Political agreement on fishing deepseas stocks for 2011-2012 reached – Fishupdate.com

Political agreement on fishing deepseas stocks for 2011-2012 reached Published:  02 December, 2010

MINISTERS on Monday  reached unanimous political agreement on fishing opportunities for certain deepsea stocks for 2011 and 2012 at the EU Fisheries Council in Brussels.

Agreement set a zero TAC dor deep sea sharks deep water sharks for 2012, the black scabbardfish (Aphanopus carbo), roundnose grenadier (Coryphaenoides rupestris), alfonsinos(Beryx spp.) and forkbeards (Phycis blennoides) but for 2011 by-catches of up to 3% of 2009 quotas are permitted.

For roundnose grenadier no directed fishery shall be conducted in ICES zone IIIa pending consultations between the EU and Norway; in zones Vb, VI, VII, VIII, IX, X, XII and XIV, a flexibility of 8% in each quota may be fished in other areas.

For red seabream a minimum landing size of 35 cm (total length) shall be respected. However, 15 % of the fish landed may have a minimum size of at least 30cm (total length). Furthermore, in zone IX, a maximum of 8% of each quota may be fished in EU and international waters of VI, VIIand VIII.

A flexibility of 8% in each forkbeard quota may be fished in other areas.

Uta Bellion, director of the Pew Environment Group’s European Marine Programme, said: “The Pew Environment Group regrets the Council’s decision to set quotas for deep-sea species even higher than the already flawed limits proposed by the Commission. This will give fleets from France, Spain and Portugal the opportunity to continue plundering these stocks. With this decision, the European Union is in breach of its international commitment to protect deep-sea species and ecosystems in the northeast Atlantic.”
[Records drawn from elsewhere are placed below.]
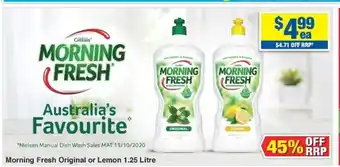 My Chemist Morning Fresh Original or Lemon 1,25 Litre offer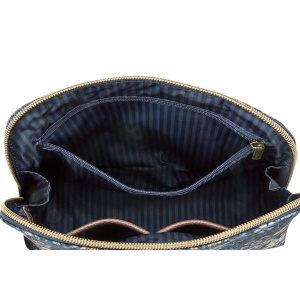 Geantă pentru cosmetice, Triangle Medium, Pip Studio, Blue, 24/17x16.5x8 cm, colecția Tutti i Fiori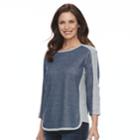 Women's Cathy Daniels Colorblocked Knit Top, Size: Small, Med Blue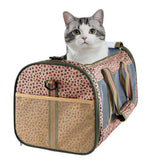 GOOPAWS soft-sided kennel front view shows breathable ventilation.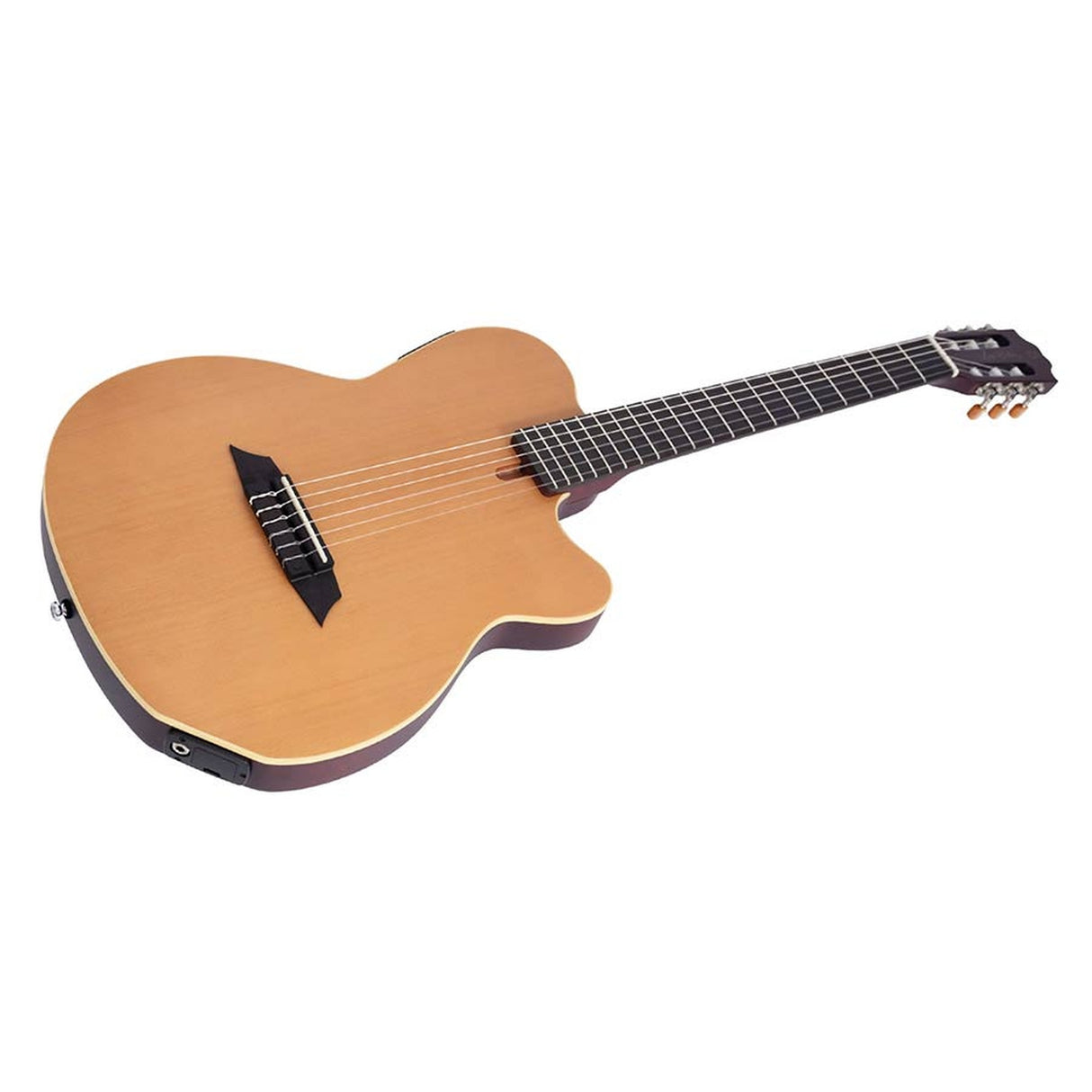 Sire Guitars G5C/NTS Mahonie + ceder nylon snaar elektrische gitaar, naturel satijn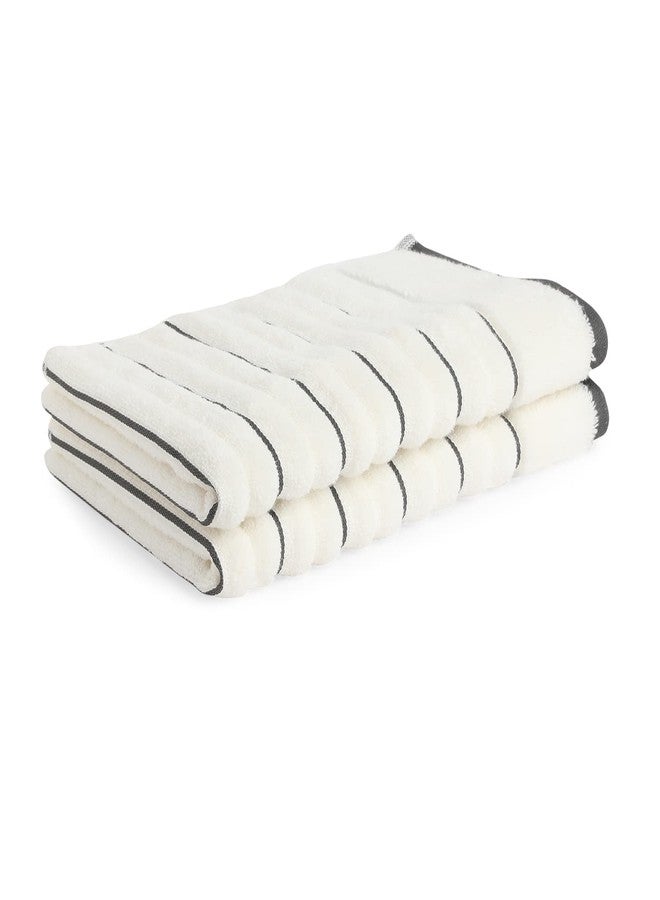 Spaces Hygro 100% Cotton Hand Towel, Ultra Soft & Absorbent, Quick Dry, 40 x 60 cm, White (Pack of 2) - Image 4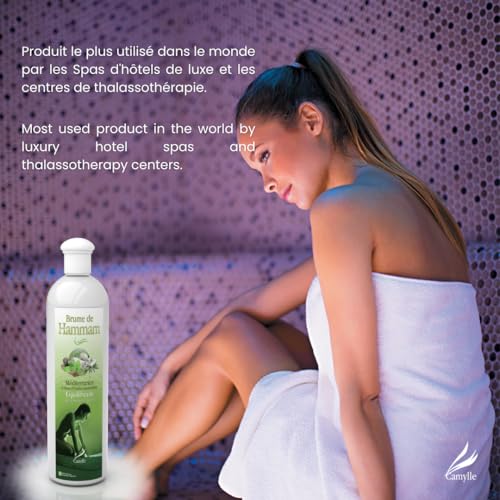 Camylle - Steam Bath Fragrance L'Instinctif - Fragrances Made from Essential Oils for Steam Rooms, Steam Baths, or Steam Showers - with a languorous and Oriental Fragrance - 500ml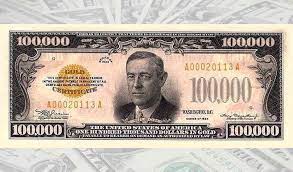 Gefälschte bild zucker waffel frosting papier bilder einfach pintrest pinterest hundert. Die 100 000 Dollar Banknote Der Usa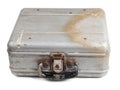 Old dirty metal case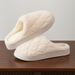 Winter Wave Women, Cute Simple, Suitable Home Outdoor Use, Warm And Non-Slip, Couple Style With Heel Cover, Cotton_vogvips.com
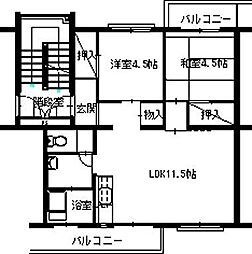 浅川1100棟 3階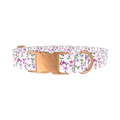 Cherry Blossom Dog Collar - metal rose gold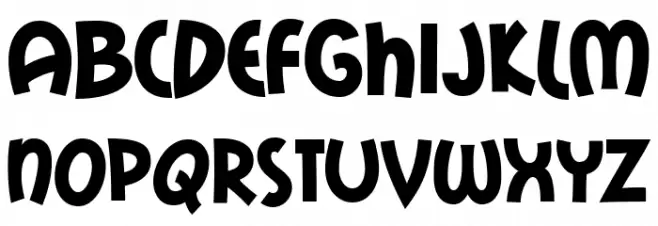 MailRayStuff-Regular 字体 大写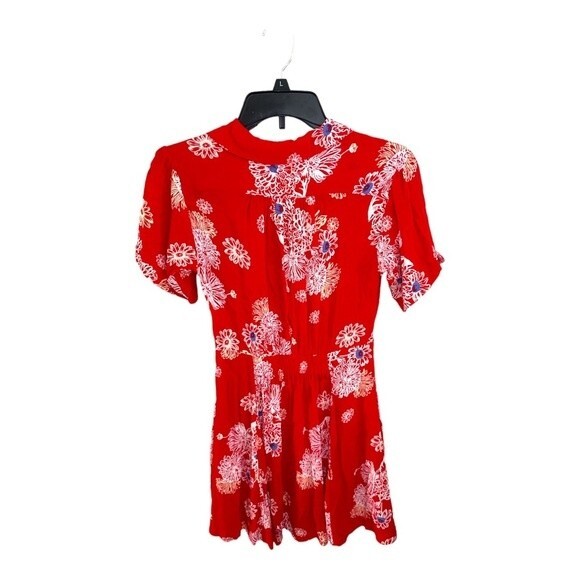 Free People Dresses Free People Blue Hawaii Mini Dress Size XS - Picture 7 of 8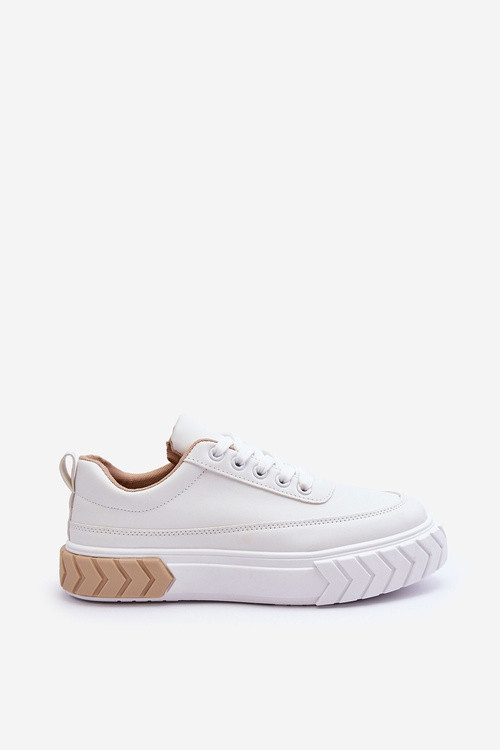 Класичне спортивне взуття на платформі біло-бежевий Nannzie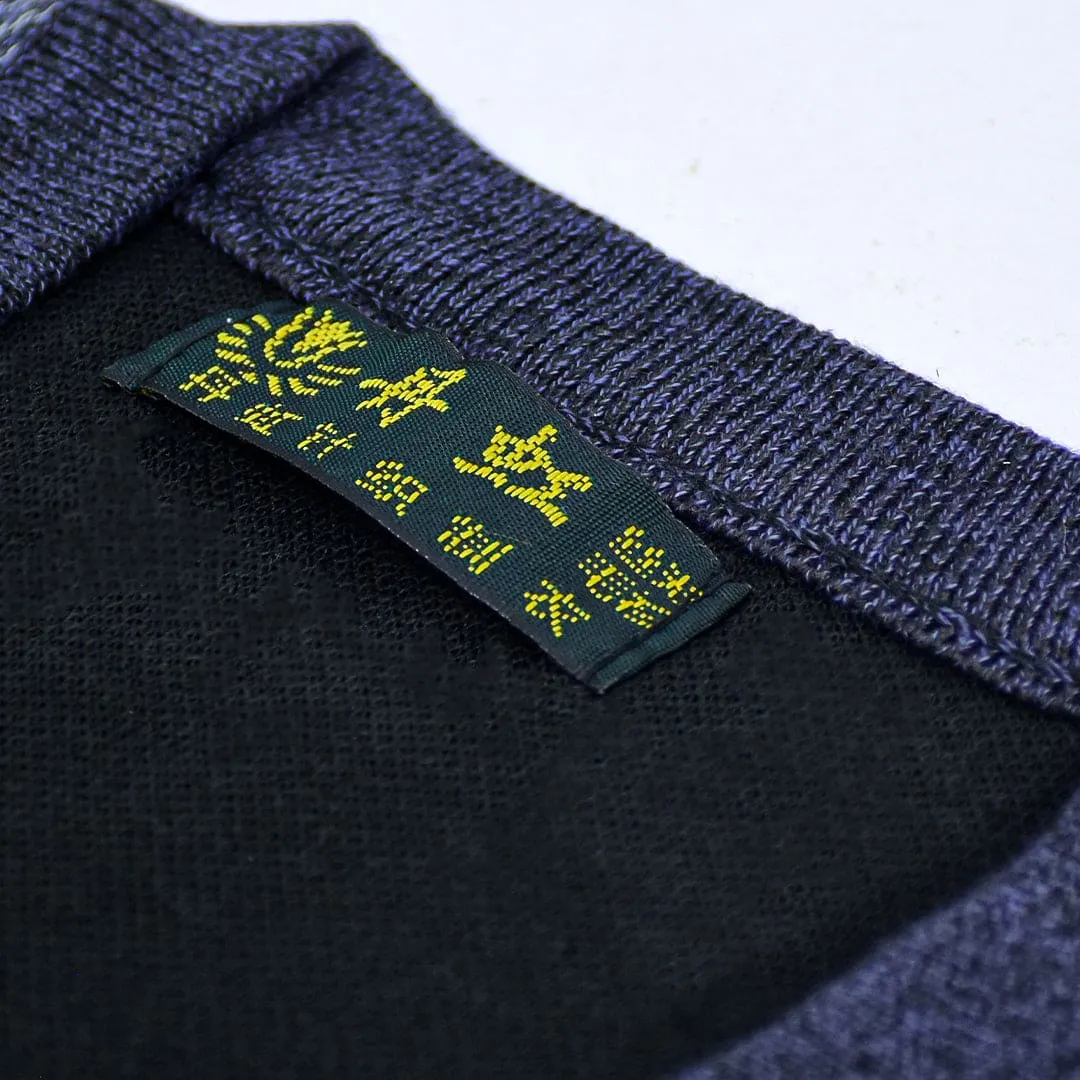 Men V Neck Long Sleeves Synthetic Wool Sweaters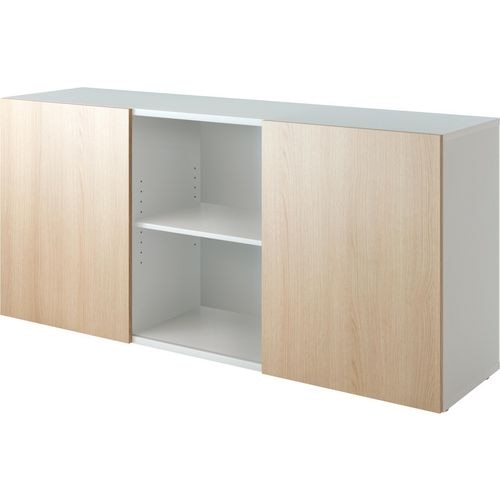 Bach schuifdeurkast hammerer 2fh eiken, wit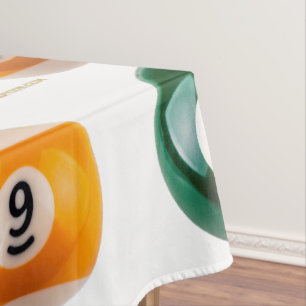 SlipperyJoe's 69 hard pool table two billiard ball Tablecloth
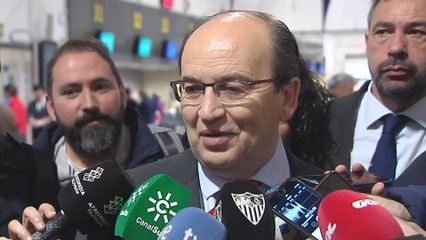 El presidente del Sevilla insta a no dar "por muerto" a su equipo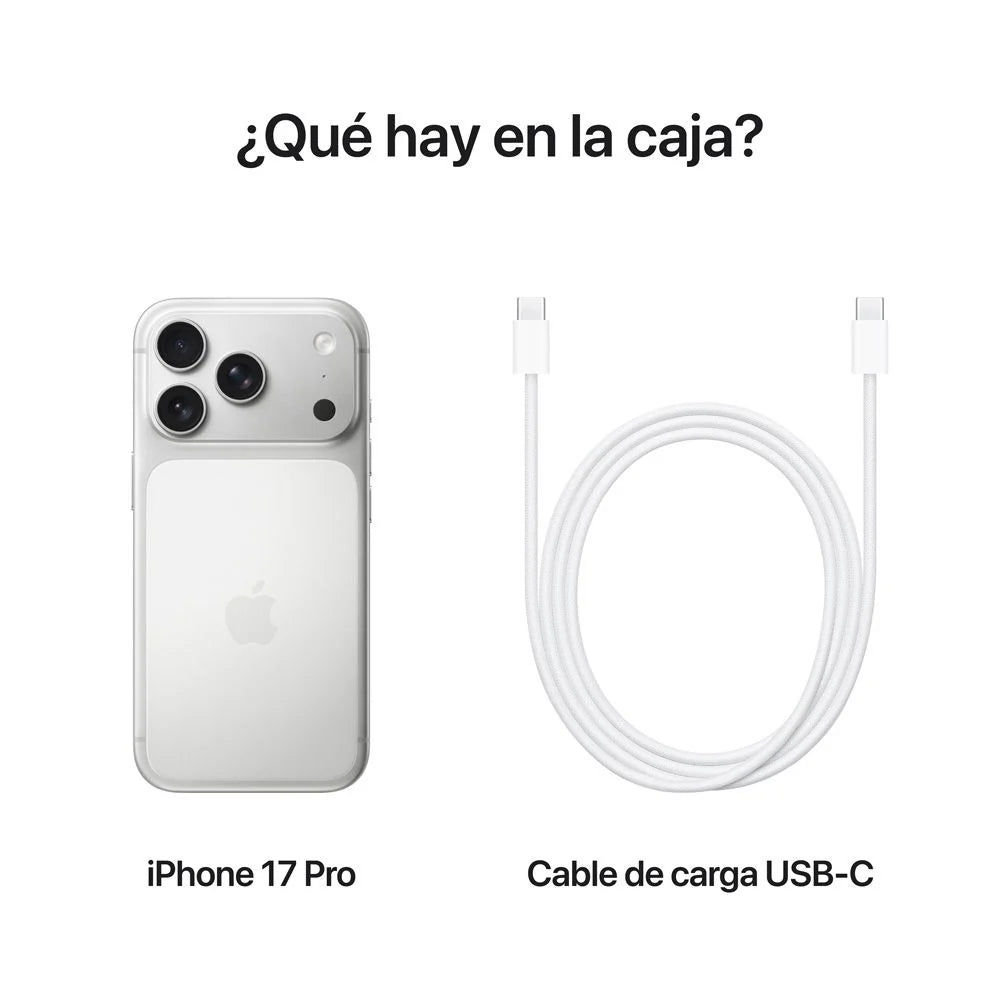 iPhone 17 Pro 256GB Plata – Innovación, Rendimiento y Elegancia Total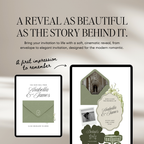 Wedding Website Template with RSVP (Sage & Ivory)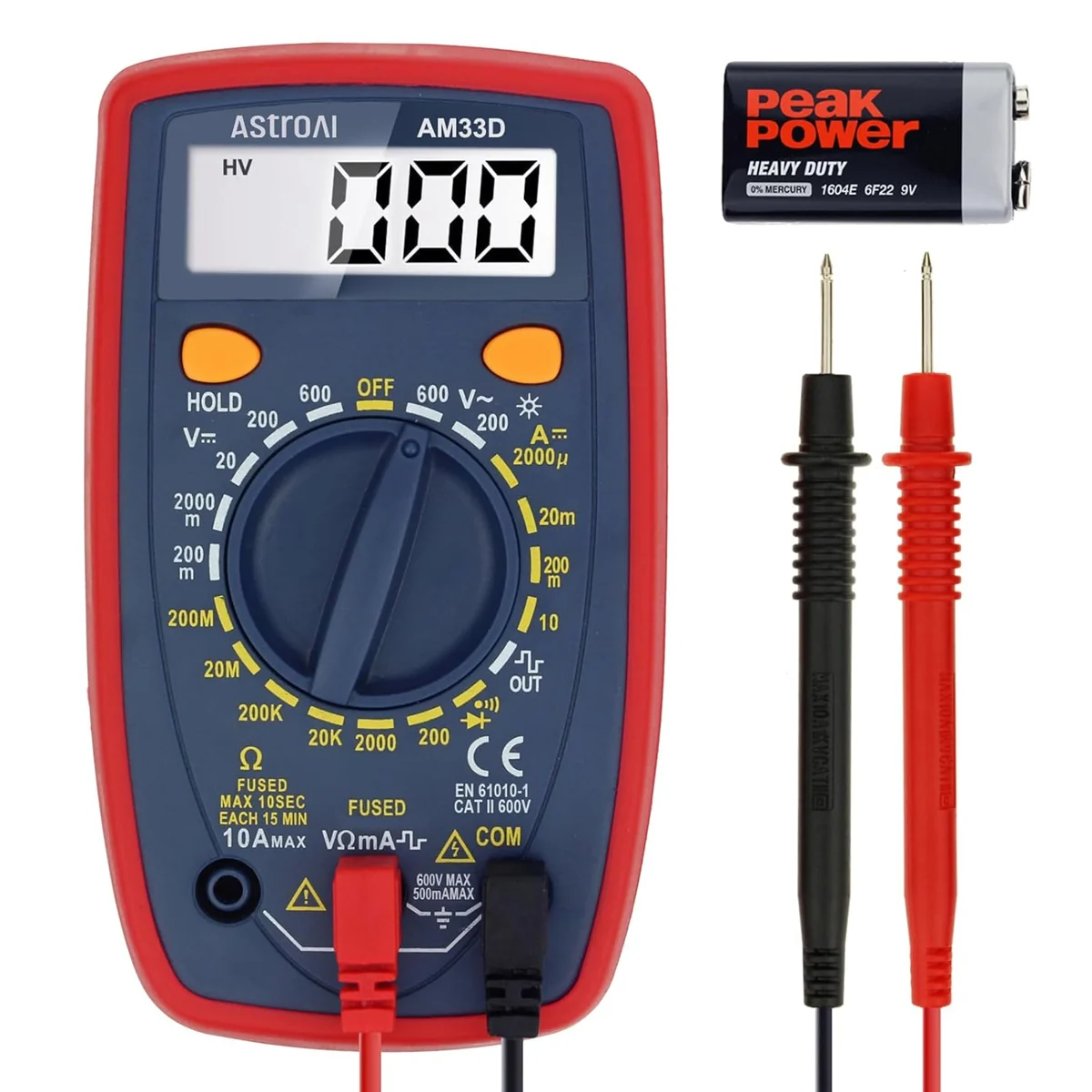 AstroAI 2000-Count Digital Multimeter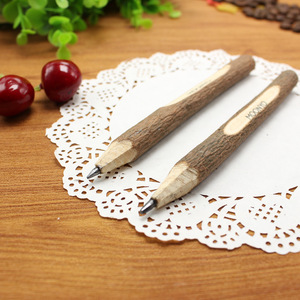 थोक सस्ते कस्टम लोगो प्राकृतिक लकड़ी पर्यावरण के अनुकूल ballpoint कलम - Product Image 6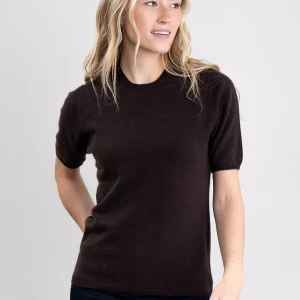 Millie Cashmere Short Sleeve Crew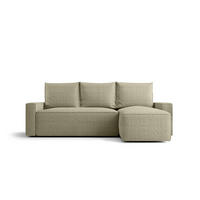 ECKSOFA mit Schlaffunktion SAVIO Quelle 06 Rechts - Beige, Textil (232/140cm) - Bedante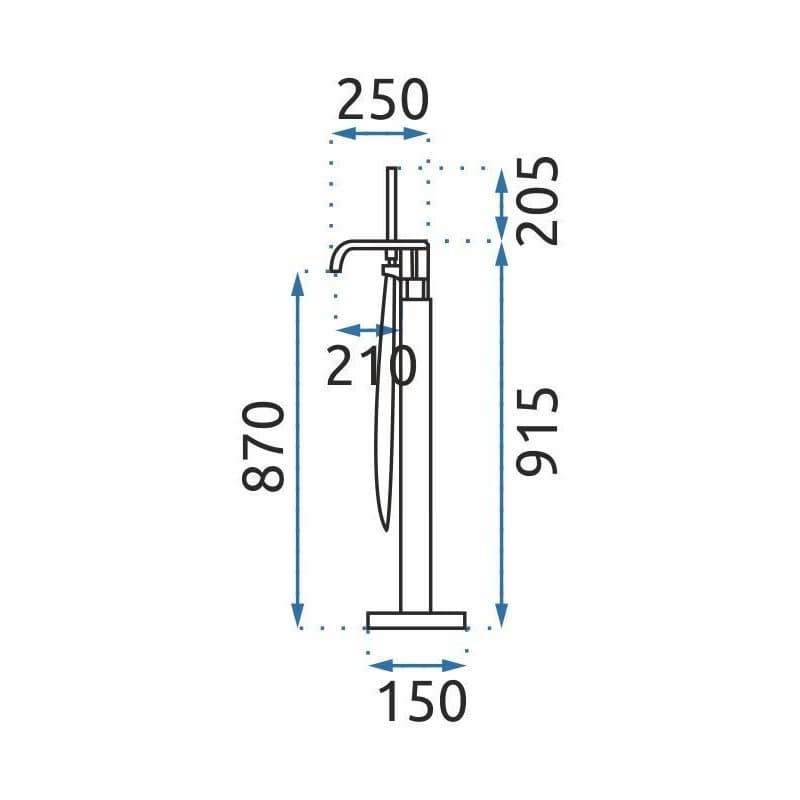 REA - Vaňová batéria Carat zlatá REA-B5231 5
“Pew is pleased that the Council has agreed to set the quotas for bycatch of deep-sea shark species at zero. Unfortunately, because deep-sea fishing for other species is still permitted, sharks will continue to be caught.”

“This decision contravenes a 2009 UN General Assembly resolution that commits the European Union to implement a set of management measures ’to ensure the long-term sustainability of deep-sea fish stocks and non-target species, and the rebuilding of depleted stocks’ and ‘not to authorize bottom-fishing activities until such measures have been adopted and implemented.’”

“Deep-sea fisheries are plagued with high levels of bycatch and discards, misreporting and non-reporting of catch, and unregulated fishing for many species—hardly the definition of sustainable. The Council can and should do more to protect these vulnerable marine resources.”

Oceana believes that the Total Allowable Catches (TACs) approved by the Council of Fisheries Ministers of the European Union are insufficient to ensure the sustainable exploitation of deep-water species. The regulation also ignores more than 20 vulnerable species, which will continue to be fished without any management measures.

Oceana supports the new regulation maintaining the 2010 TAC of 0 tonnes for deep sea sharks, including 4 new species, and the orange roughy. However, the organization regrets the decision not to ban incidental deep-sea shark catches in 2011, and incidental orange roughy catches in 2011 and 2012.

With respect to other species included in this regulation, Oceana is deeply concerned about the null or minimal reductions adopted, particularly in those cases where explicit scientific advice was ignored. Indeed, for species such as the black scabbard fish and the sea bream, TACs exceed scientific advice by 15% and 56%, respectively. For other species like the alfonsino, grenadier, blue ling and codling, the approved reductions between 0% and 13% are inadequate, since there is still no scientific evidence that their exploitation is sustainable.

The slow growth rate, late maturity and low fertility characteristic of these species cannot withstand high operating levels,” said Ricardo Aguilar, Director of Research for Oceana Europe. “Their management must, now more than ever, follow the precautionary approach.”

Both the International Council for the Exploration of the Sea (ICES) and the Scientific, Technical and Economic Committee for Fisheries (STECF) have recommended, due to the precarious situation of most of the stocks, a significant reduction in the catches of these deep-sea species, until the evolution of the stock sizes shows a positive trend.